Punjab Kings (PBKS)  are a franchise cricket team based in Mohali, Punjab, that plays in the Indian Premier League (IPL). Established in 2008 as the Kings XI Punjab (KXIP), the franchise is jointly owned by Mohit Burman, Ness Wadia, Preity Zinta and Karan Paul. The team plays its home matches at the PCA Stadium, Mohali. Since 2010, they also have been playing some of their home games at either Dharamsala or Indore. Apart from the 2014 season when they topped the league table and finished runners-up, the team has made only one other playoff appearance in 13 seasons.

The Punjab Kings played in the now-defunct Champions League Twenty20 once, in 2014 as the Kings XI Punjab and finished as semi-finalists. The team name was changed to Punjab Kings in February 2021. In the mini auction held on 23 December 2022, Punjab Kings made the highest ever bid for a player in IPL history, paying a whopping Rs 18.50 crores for Sam Curran.

Franchise history
In 2007, the Board of Control for Cricket in India (BCCI) created the cricket tournament the Indian Premier League, based on the Twenty20 format of the game. Franchises for eight cities were made available in an auction held in Mumbai on 20 February 2008. The team representing Punjab was bought by the Dabur group's Mohit Burman (46%), the Wadia group's Ness Wadia (23%), Preity Zinta (23%), and Saptarshi Dey of the Dey & Dey Group (minor stake). The group paid a total of $76 million to acquire the franchise.

As the Kings XI Punjab, the franchise's catchment areas were the regions of Kashmir, Jammu, Himachal Pradesh, Punjab and Haryana—evident from the letter sequence "K J H P H" in the banner of the team's logo.

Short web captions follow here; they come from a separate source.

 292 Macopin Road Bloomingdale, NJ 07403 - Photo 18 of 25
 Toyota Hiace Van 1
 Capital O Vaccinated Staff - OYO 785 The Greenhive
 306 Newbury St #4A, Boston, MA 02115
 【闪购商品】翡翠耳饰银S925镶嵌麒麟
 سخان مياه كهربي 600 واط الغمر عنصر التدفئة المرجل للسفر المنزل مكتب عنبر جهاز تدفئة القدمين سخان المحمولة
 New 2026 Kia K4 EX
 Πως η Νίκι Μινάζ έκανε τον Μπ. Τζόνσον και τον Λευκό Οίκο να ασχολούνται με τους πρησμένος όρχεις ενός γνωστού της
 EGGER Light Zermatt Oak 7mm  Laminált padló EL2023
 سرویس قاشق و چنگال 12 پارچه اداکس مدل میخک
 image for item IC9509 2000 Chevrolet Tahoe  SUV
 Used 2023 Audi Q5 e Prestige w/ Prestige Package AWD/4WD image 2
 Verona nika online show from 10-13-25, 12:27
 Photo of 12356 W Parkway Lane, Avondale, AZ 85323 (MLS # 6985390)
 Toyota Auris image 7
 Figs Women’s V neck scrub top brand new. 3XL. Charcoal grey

Expulsion from the IPL and return 
Following the controversy surrounding the BCCI and Lalit Modi in 2010, the Indian Premier League announced on 10 October 2010 that it had terminated the franchise contracts of Kings XI Punjab and the Rajasthan Royals. The teams announced that they would take legal action to remain in the Indian Premier League. Initially, the team tried to negotiate a solution with the league, but when one could not be reached, they decided to file a case in Mumbai High Court accusing the IPL of getting rid of the two teams so that when the bidding process would start for the 2012 IPL season, the contract would be given to a more lucrative bidder.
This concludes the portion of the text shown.